## Description of the task
Within the entries below, please return exactly the lines from the one with "پیوند قرنیه در بلوار کلاهدوز مشهد" through the one with "Teslong NTE100 Digital", leaving out any pictures.

## Supplied records
------------------------------

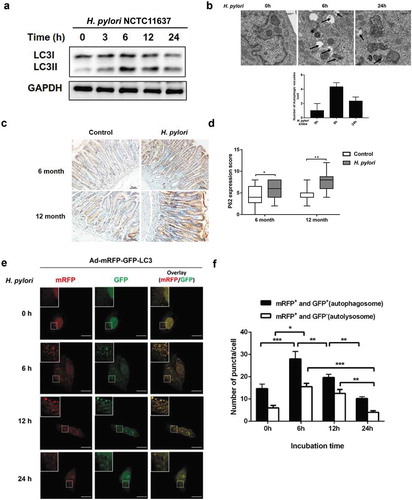 Figure 2. Autophagy is dynamically changed in response to H. pylori infection. (a) Representative images of Western blot analysis for LC3 in GES-1 cells co-cultured with H. pylori NCTC11637. (b) Transmission electron microscopy showing autophagosomes in gastric cells with or without H. pylori infection. Scale bar: 500 μm. (c) The Mongolian gerbils were challenged with H. pylori NCTC11637 strain or Brucella broth 6 months (H. pylori, n = 30; control, n = 15) or 12 months (H. pylori, n = 30; control, n = 10). Representative p62 immunohistochemical staining images in gastric tissues were shown. Scale bar: 50 μm. (d) Quantification of staining scores for p62 in gastric epithelium. (e) After transfection with mRFP-GFP-LC3 adenovirus, cells were incubated with H. pylori and Confocal microscopy was used to monitor the autophagic flux. Scale bar, 10 μm. (f) The numbers of autophagosome (mRFP+GFP+) and autolysosome (mRFP+GFP−) were quantified. All in vitro experiments were independently repeated three or more times. *P < .05, **P < .01, ***P < .001.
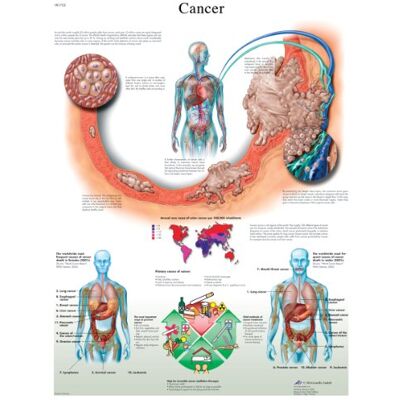 3B Scientific Temporada educativa laminada Cancer Inglés 3B Scientific Temporada educativa laminada Cancer Inglés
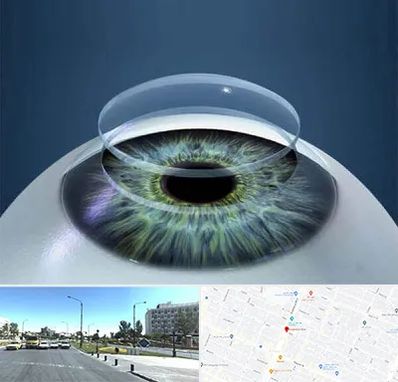 پیوند قرنیه در بلوار کلاهدوز مشهد 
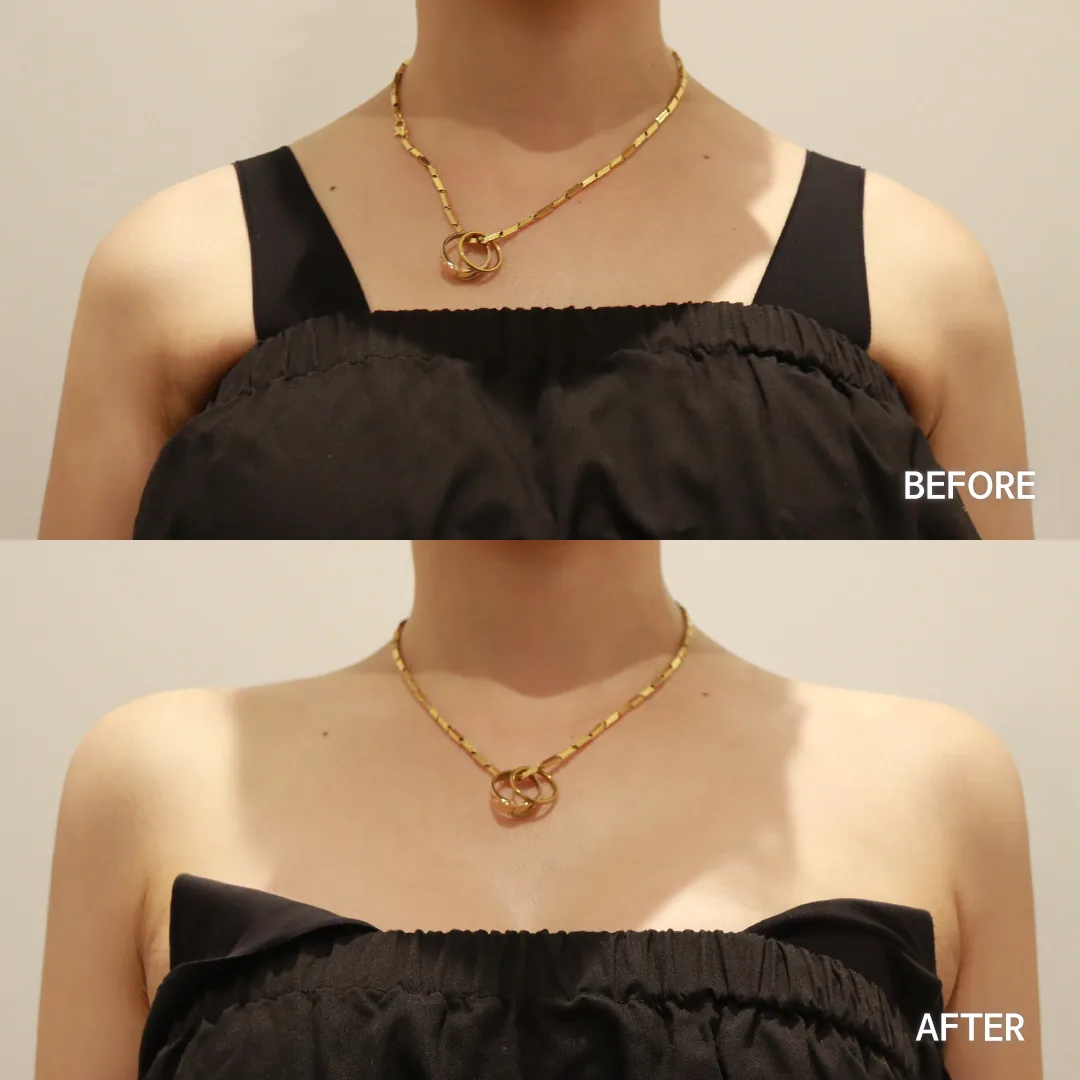 Shoulder filler — before and after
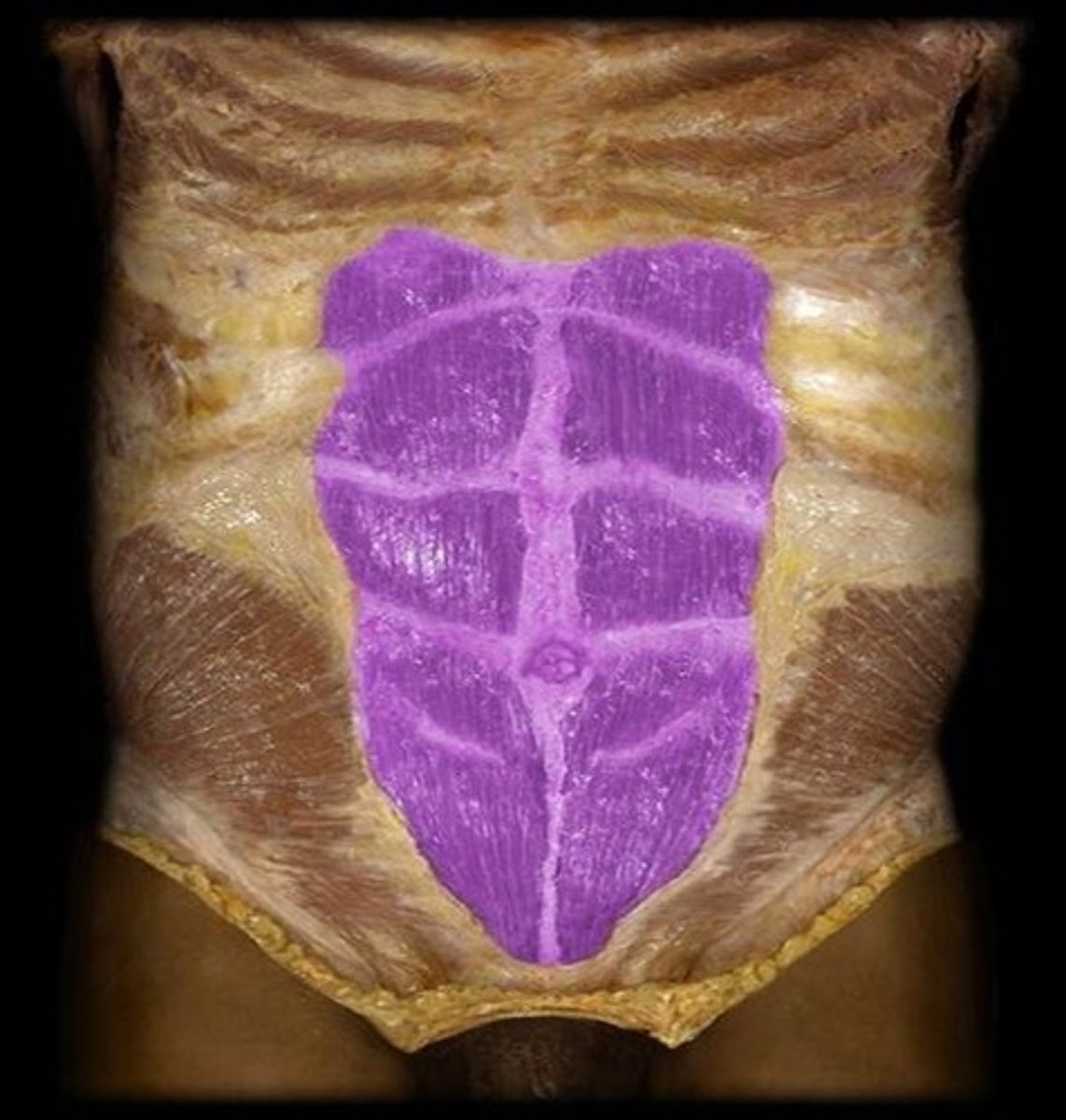 <p>What is the name of this muscle, highlighted in purple?</p>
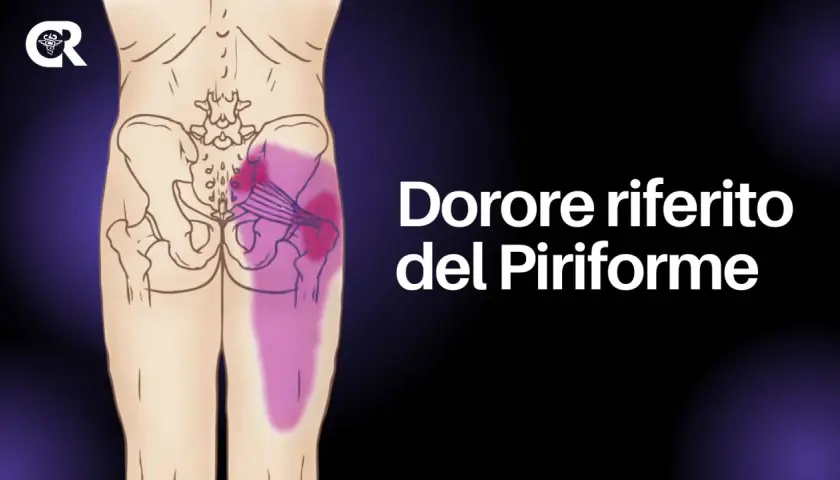Dolore riferito del piriforme: un'illustrazione anatomica mostra l'area del gluteo e della gamba interessata da infiammazione.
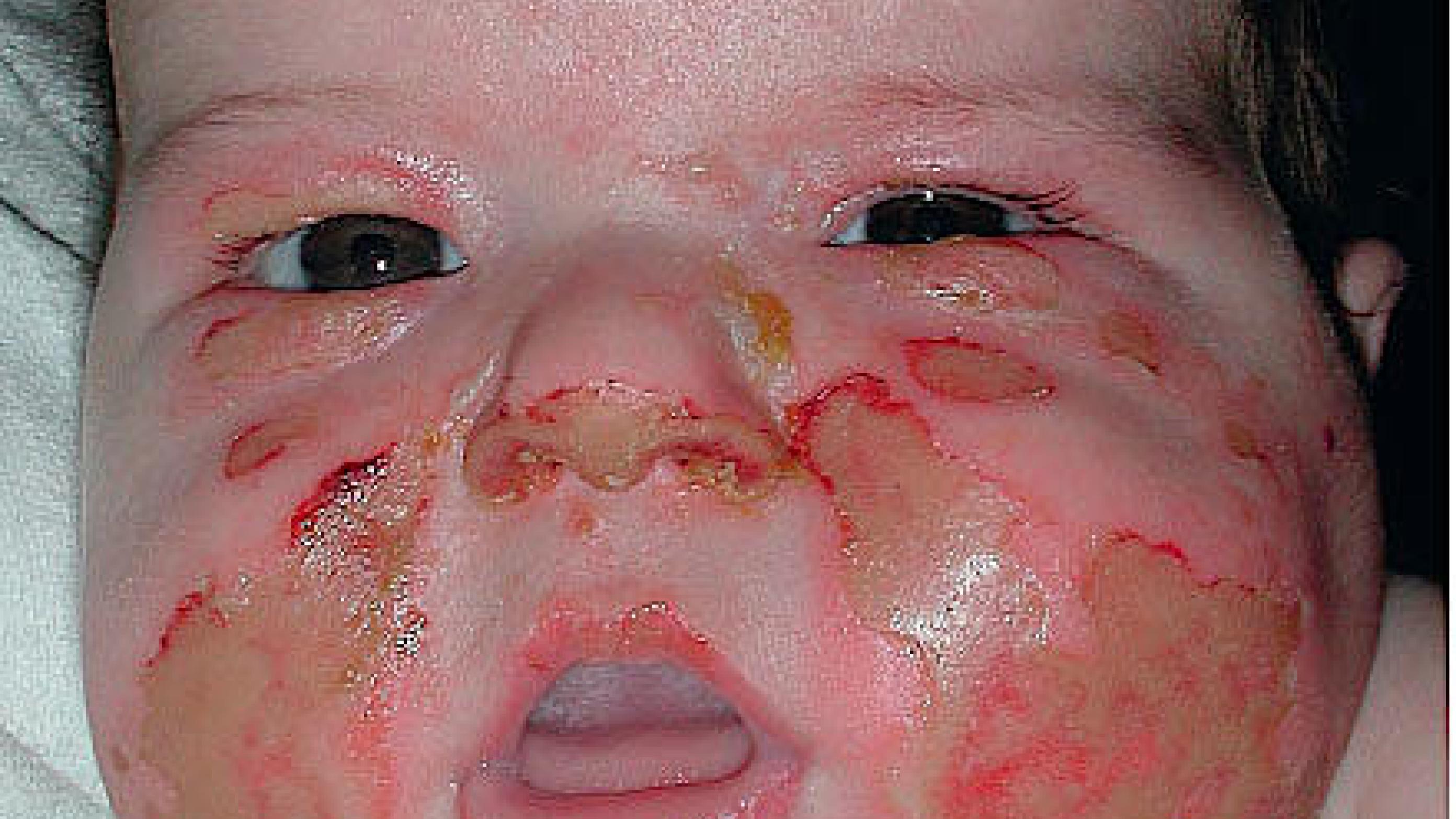 Et tre måneder gammelt barn med ansigtsforbrænding.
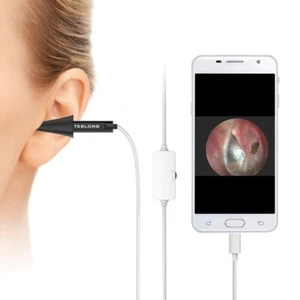 Teslong NTE100 Digital Otoscope Endoscope Ear Scope Camera Wax Clean - Picture 1 of 7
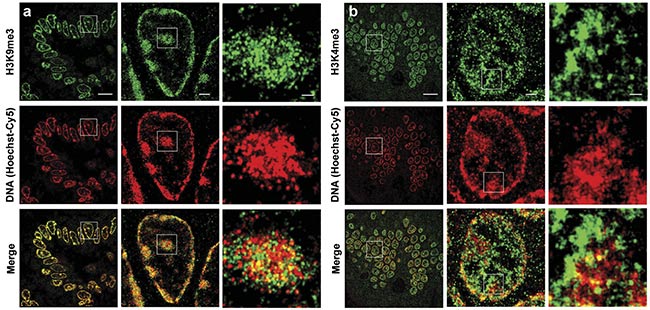 Figure 1. Two-color superresolution images of DNA and histone marks on mouse intestinal tissue. STORM images show the spatial relationship between DNA and the heterochromatin regions marked by H3K9me3 (histone 3 lysine 9 trimethylation) (a). STORM images show the spatial relationship between DNA and euchromatin regions marked by H3K4me3 (b). Scale bars: 10 µm, 1 µm, and 200 nm, respectively, in both the original and magnified images. Courtesy of the University of Pittsburgh.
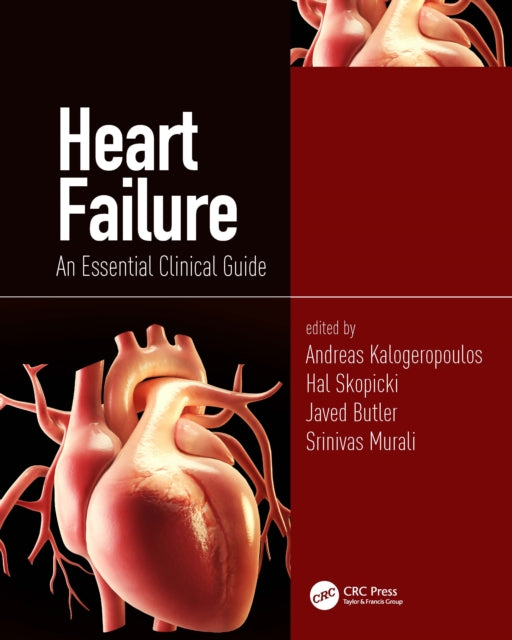 Book cover of: Heart Failure. By: Andreas Kalogeropoulos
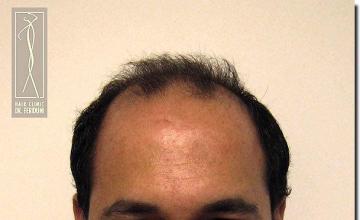 Hair restoration procedure results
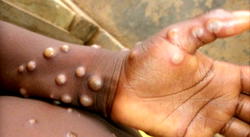 Kaduna to begin monkeypox vaccination in affected LGAs
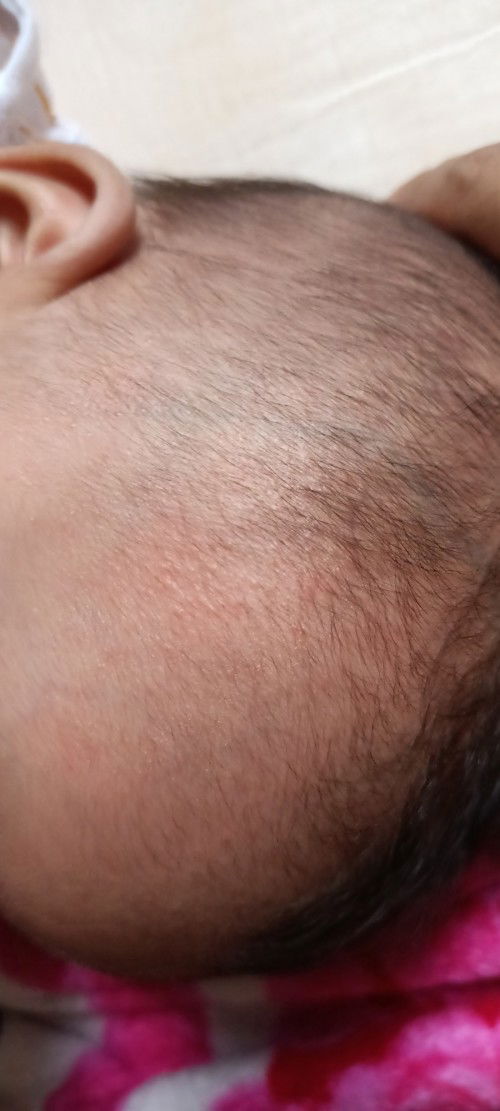 Anak 3 bulan 20 hari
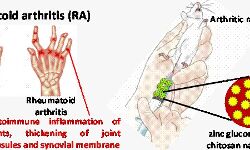 वैज्ञानिकों ने चिटोसन के साथ नैनोपार्टिकल का किया प्रतिपादन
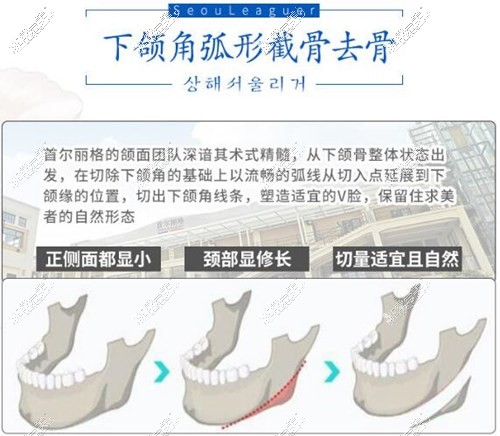 为啥下颌骨十个做了九个后悔?那是因为你医院医生都没选对!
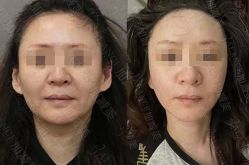 -加减美医美连锁品牌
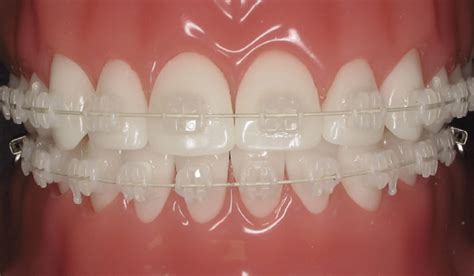 Clear Braces Stained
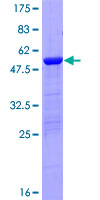 DUPD1 Protein - 12.5% SDS-PAGE of human DUPD1 stained with Coomassie Blue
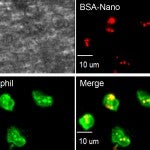 green-labeled neutrophils with red-labeled nanoparticles inside, which appear yellow.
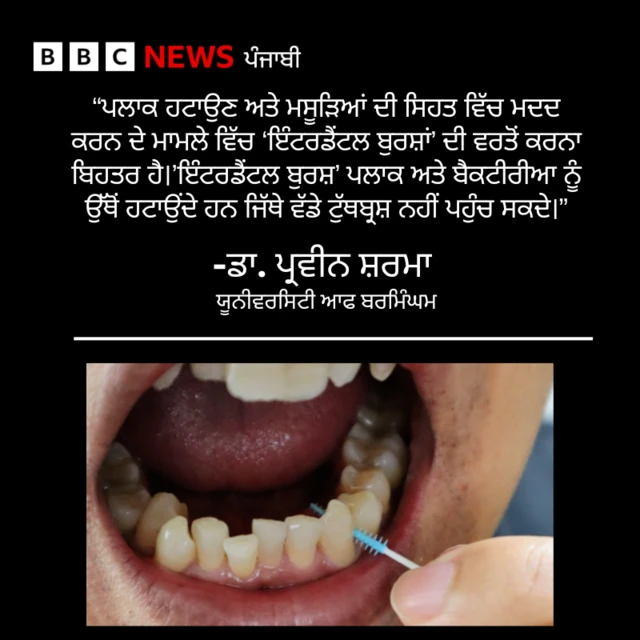 ਇੰਟਰਡੈਂਟਲ ਬੁਰਸ਼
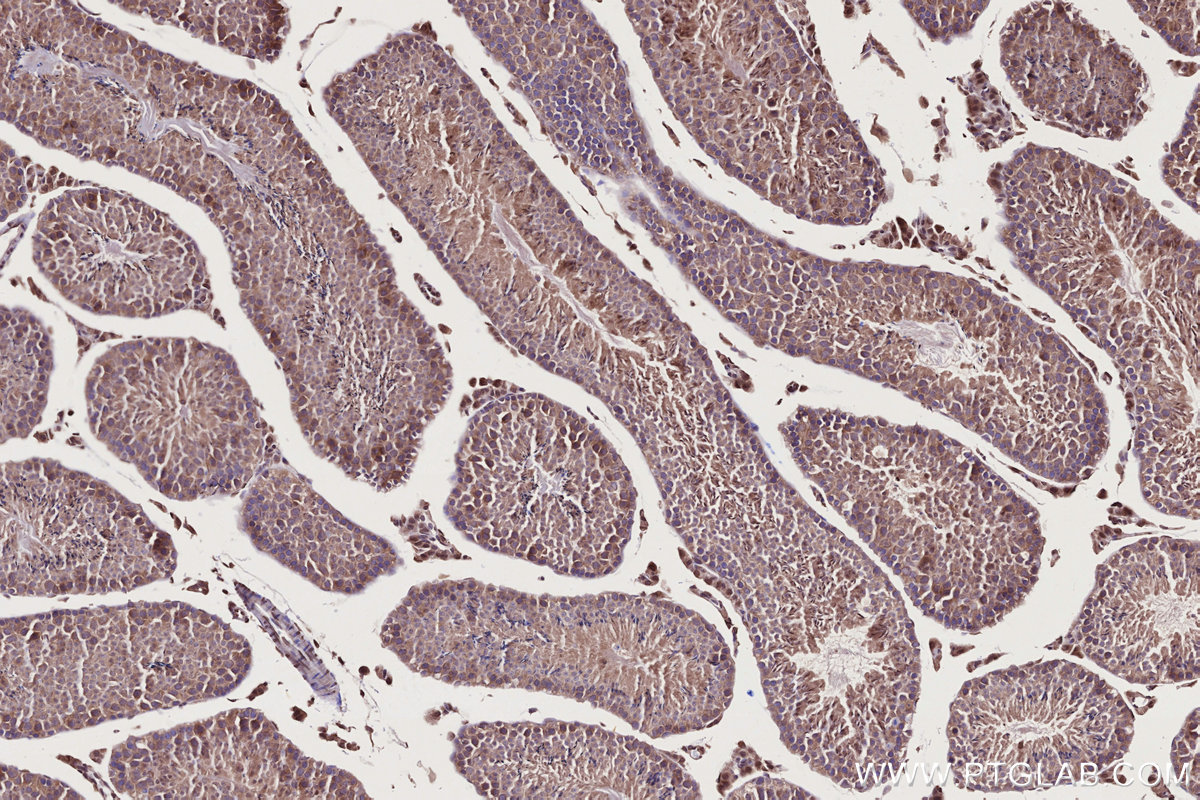 Immunohistochemical analysis of paraffin-embedded mouse testis tissue slide using KHC2727 (FNIP1 IHC Kit).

------------------------------

## Output of the task
 پیوند قرنیه در بلوار کلاهدوز مشهد 
 Shoulder filler — before and after
 <p>What is the name of this muscle, highlighted in purple?</p>
Dolore riferito del piriforme: un'illustrazione anatomica mostra l'area del gluteo e della gamba interessata da infiammazione.
 Et tre måneder gammelt barn med ansigtsforbrænding.
 Teslong NTE100 Digital Otoscope Endoscope Ear Scope Camera Wax Clean - Picture 1 of 7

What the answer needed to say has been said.